Your answer must be an exact copy of the lines below, from the first through the one with "Tapered Baguette Cut", with no pictures.

** RECORDS TO PROCESS follows **

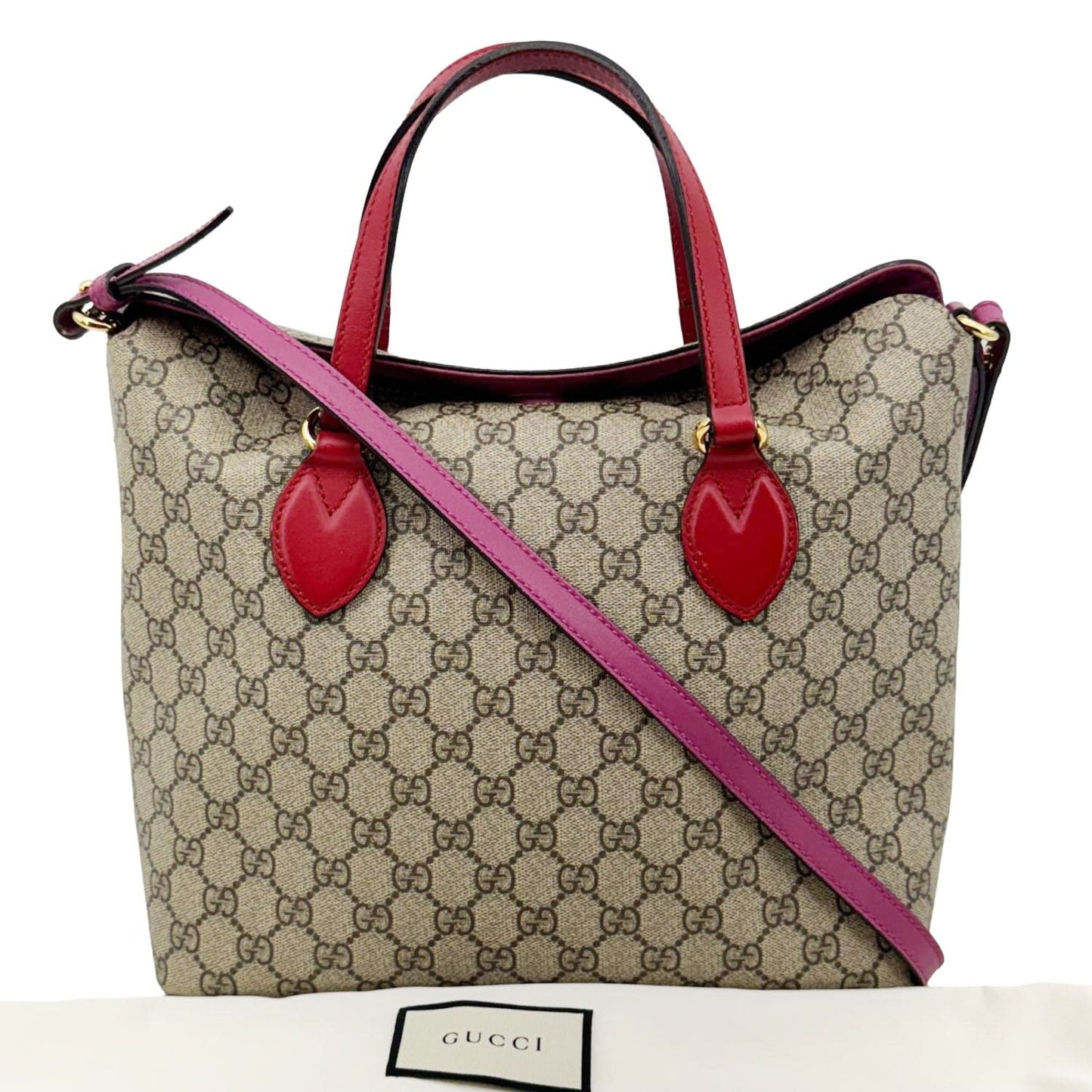 GUCCI Linea A Foldover GG Supreme Monogram Canvas Tote Bag Beige 429147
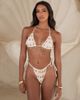 Moda Minx Moda Minx x Alejandra Vidal all over shell tieside bikini bottom in cream-White - 2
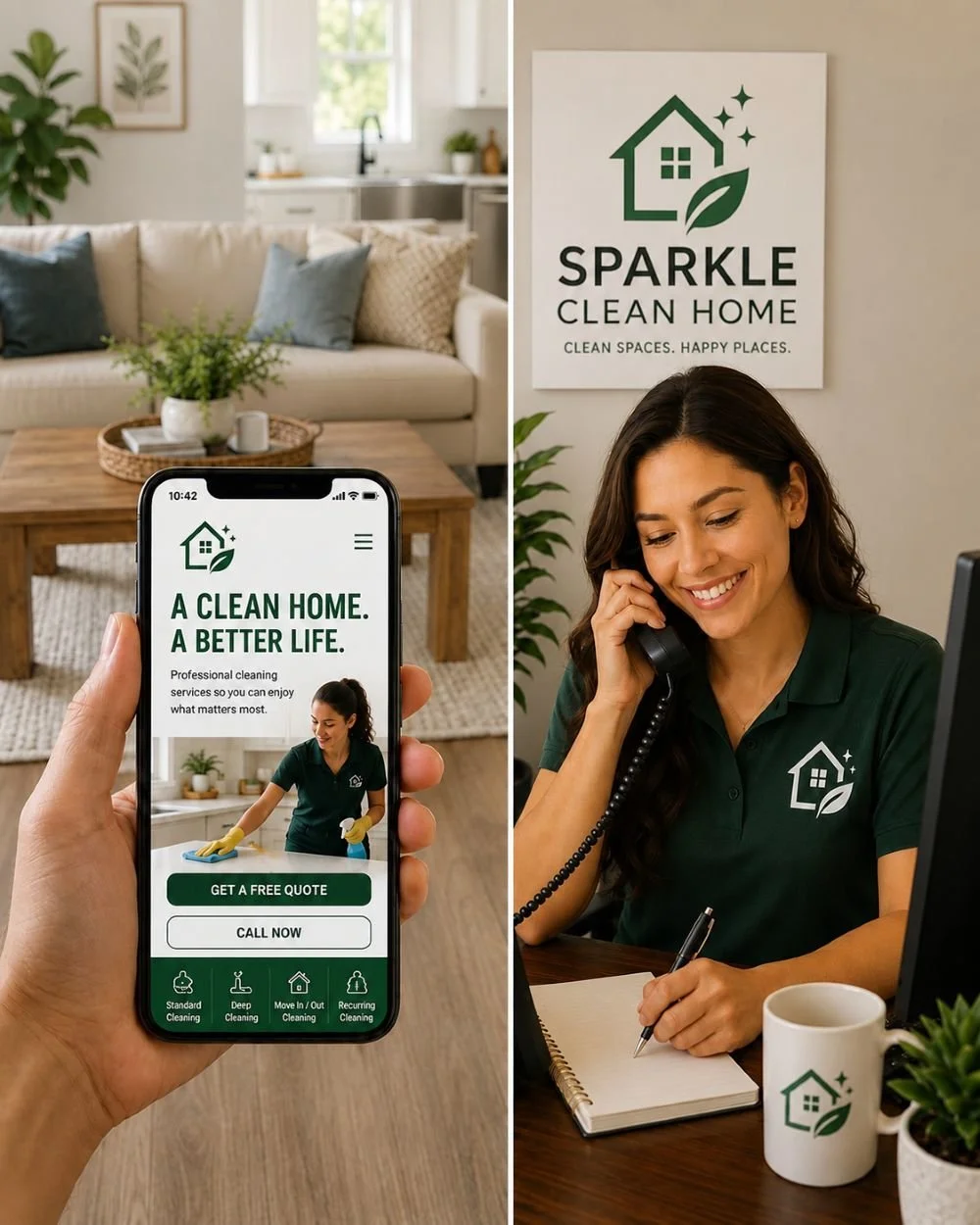Image of a receptionist for a cleaning company answering the phone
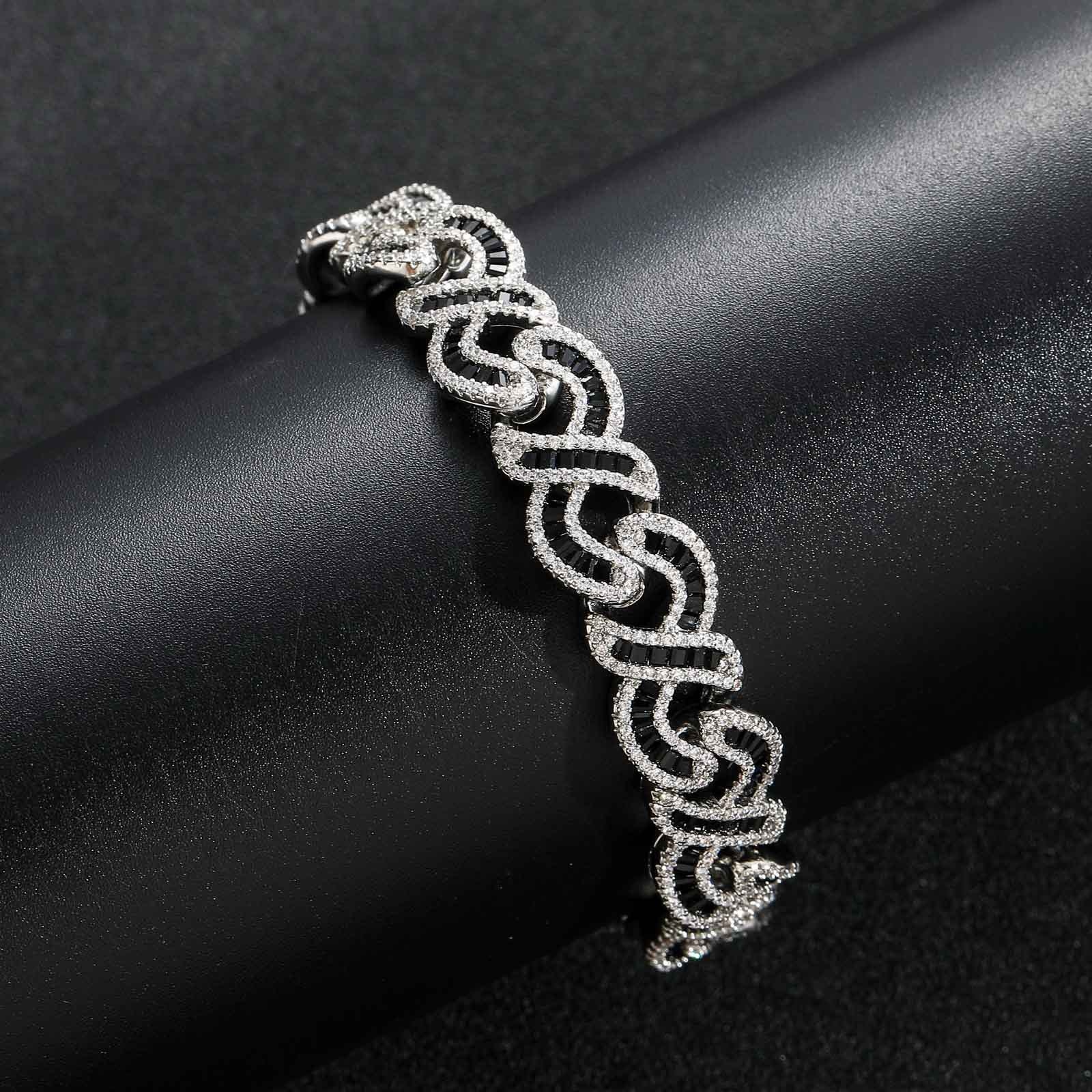 Tapered Baguette Cut Black Diamonds Infinity Sign Bracelet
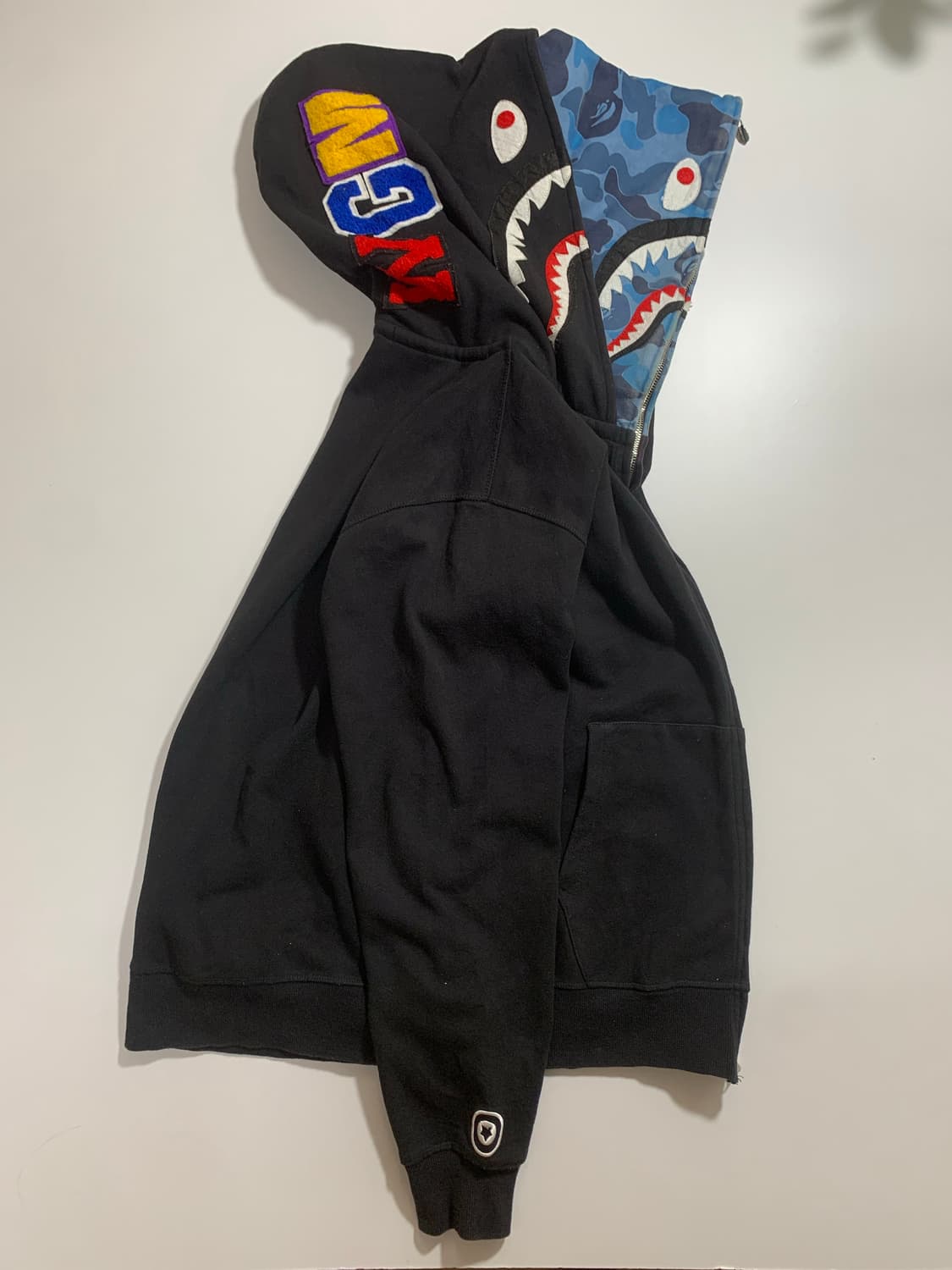 BAPE 샤크 후드집업 XL 블랙 상품이미지3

** End of RECORDS TO PROCESS **

## EXERCISE SOLUTION:
 GUCCI Linea A Foldover GG Supreme Monogram Canvas Tote Bag Beige 429147
 Moda Minx Moda Minx x Alejandra Vidal all over shell tieside bikini bottom in cream-White - 2
Image of a receptionist for a cleaning company answering the phone
 Tapered Baguette Cut Black Diamonds Infinity Sign Bracelet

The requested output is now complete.